Pictures with short captions

+++++

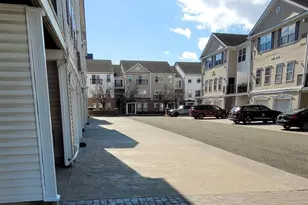 7 Soho Dr, Jersey City, NJ 07305 - Photo 18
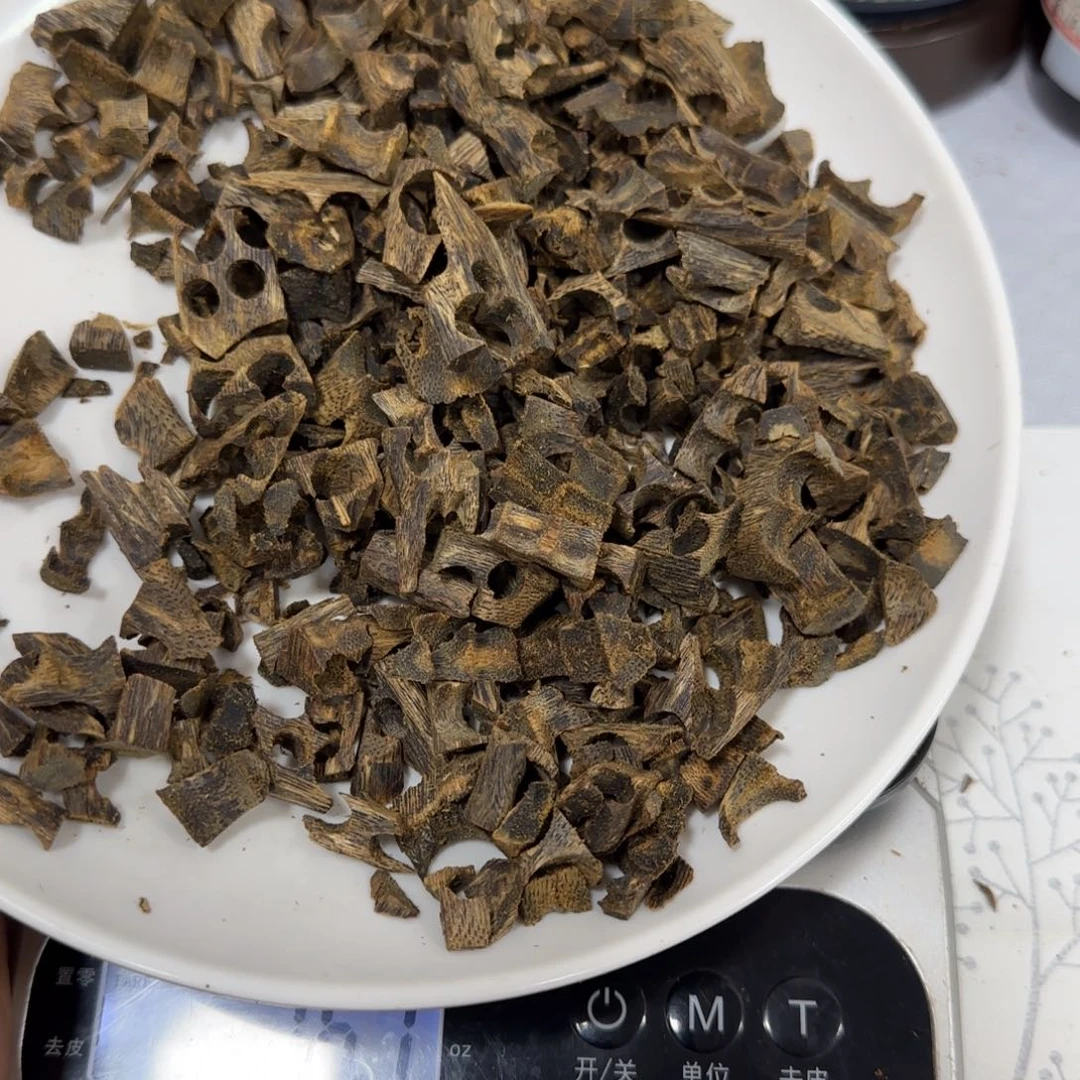 沉香碎屑沉香海南奇楠沉香沉水边角料30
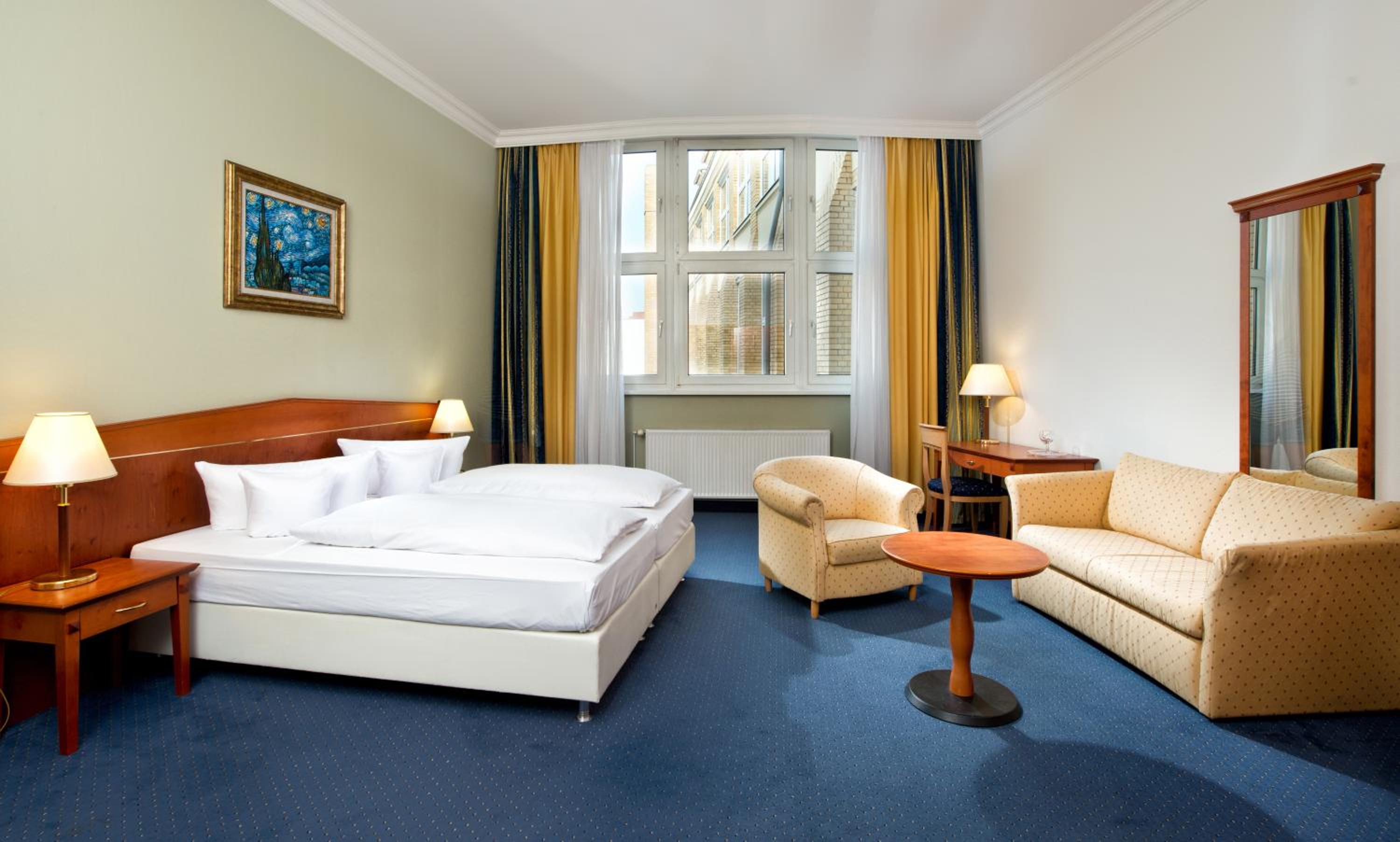 Standard Triple Room thumbnail 6
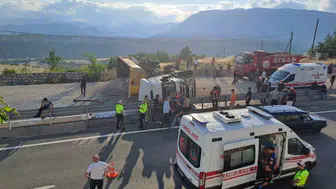 Safranbolu yolunda tır dehşeti Sürücü alevlerin arasından son anda kurtarıldı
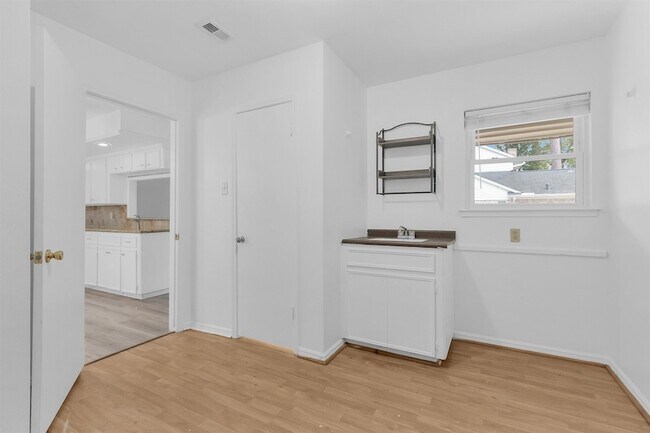 Building Photo - 1122 Rhine Ln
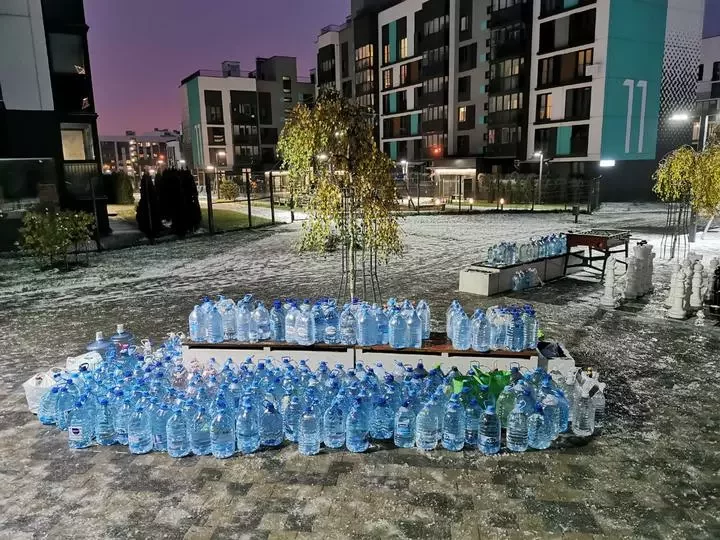 Минчане за три дня привезли в Новую Боровую сотни, если не тысячи бутылок с водой
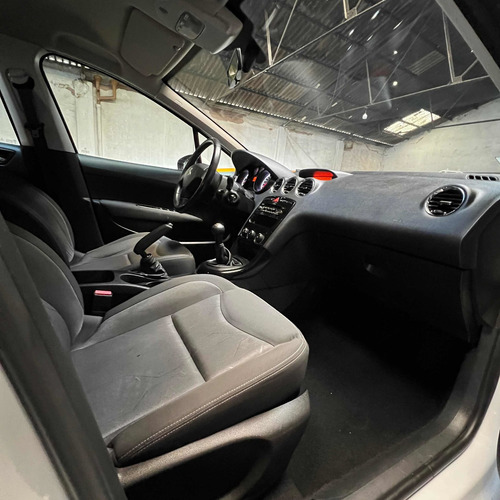 Imagen 19 de 21 de Peugeot 308 2017 1.6 Active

+++++

• _What the exercise asks_
Your answer must be an exact copy of every entry, with the pictures left out.

• _Worked solution_
 7 Soho Dr, Jersey City, NJ 07305 - Photo 18
 沉香碎屑沉香海南奇楠沉香沉水边角料30
 Standard Triple Room thumbnail 6
 Safranbolu yolunda tır dehşeti Sürücü alevlerin arasından son anda kurtarıldı
 Building Photo - 1122 Rhine Ln
 Минчане за три дня привезли в Новую Боровую сотни, если не тысячи бутылок с водой
 Imagen 19 de 21 de Peugeot 308 2017 1.6 Active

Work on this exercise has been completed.